On 24 November 2014 at 13:51, Andrea Zanni <zanni.andrea84@gmail.com> wrote:

Another greataccomplishment could be *giving back proofread OCR* to GLAMs: think about libraries (or Internet Archive!) give us ancient texts, and us giving them back a perfect djvu or PDF with mapped text inside... 
I'm sure we could have many GLAMs coming to us then :-)
We cannot give them back almost anything, right now, a part from our HTML pages.


This is exactly the kind of suggestion I have been looking for. Many cultural institutions are developing their own crowdsourced transcription projects.

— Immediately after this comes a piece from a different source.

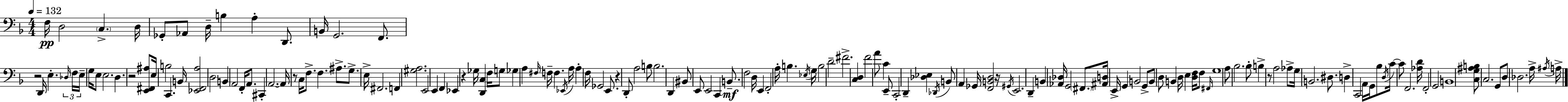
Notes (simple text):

F3/s D3/h C3/q. D3/s Gb2/e Ab2/e D3/s B3/q A3/q D2/e. B2/s G2/h. F2/e. R/h D2/s E3/q. Db3/s F3/s E3/s G3/s E3/e E3/h. D3/q. R/h [E2,F#2,A#3]/e E3/s B3/h C2/q. B2/s [Eb2,F2,A3]/h D3/h B2/q A2/h F2/s A2/e. C#2/q A2/h. A2/s R/e C3/s F3/e. F3/q. A#3/e. G3/e. E3/s F#2/h. F2/q [G#3,A3]/h. E2/h E2/q F2/q Eb2/q R/q Gb3/s [D2,C3]/q F3/s G3/e Gb3/q A3/q F#3/s F3/s F3/q. Eb2/s A3/s A3/q F3/s Gb2/h E2/e. R/q D2/e A3/h B3/e B3/h. D2/q BIS2/e E2/e E2/h C2/q B2/e. F3/h D3/s E2/q F2/h A3/s B3/q. Eb3/s G3/s B3/h D4/h F#4/h. [C3,D3]/q F4/h A4/e C4/q E2/e C2/h D2/q [Db3,Eb3]/q Db2/s B2/e A2/q Gb2/s [F2,B2,D3]/h R/s G#2/s E2/h. D2/q B2/q [Ab2,Db3]/s G2/h F#2/e. [A#2,D3]/s E2/s G2/q B2/h G2/e B2/e D3/e B2/q D3/s E3/q [D3,F3]/s F3/e F#2/s G3/w A3/e Bb3/h. Bb3/e B3/q R/e A3/h Ab3/e G3/s B2/h. D#3/e. D3/q C2/h A2/s G2/s Bb3/e D3/s C4/s C4/e F2/h. [Ab3,D4]/s F2/h G2/h B2/w [C3,G3,A#3,B3]/e C3/h. G2/e D3/e Db3/h. A3/s A#3/s A3/s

I think Wikisource can be a much more robust platform than these one-off projects, with a more well-developed community that aggregates the transcription efforts of texts from many institutions in a single place with a proven process.

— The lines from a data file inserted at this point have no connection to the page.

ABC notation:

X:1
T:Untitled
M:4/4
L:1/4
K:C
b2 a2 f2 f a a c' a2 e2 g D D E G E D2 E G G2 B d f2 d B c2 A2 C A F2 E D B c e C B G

At NARA, along with our own transcription program, we are also developing a writable API for submitting transcriptions to it, because we recognize that third-party platforms like Wikisource might be the best place for the actual transcribing to take place. As long as we can ingest that data back into our own dataset, that is.

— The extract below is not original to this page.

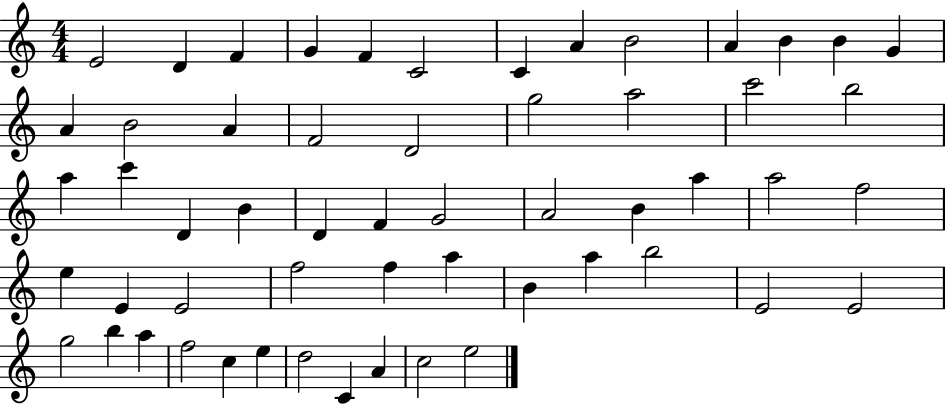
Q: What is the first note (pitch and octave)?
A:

How would I do that now? Wikisource pages are not structured data (though Wikimedia Commons image metadata will soon be!), so there is not a clear way to use the Wikisource API to extract just the relevant transcribed text on the page as a field. And on top of that, any text you do extract this way will be full of templates and other code that has no meaning outside of the context of Wikisource. I don't see a way to easily extract just the plain text that is meaningful and relevant (along with other fielded data, like what page or text it belongs to).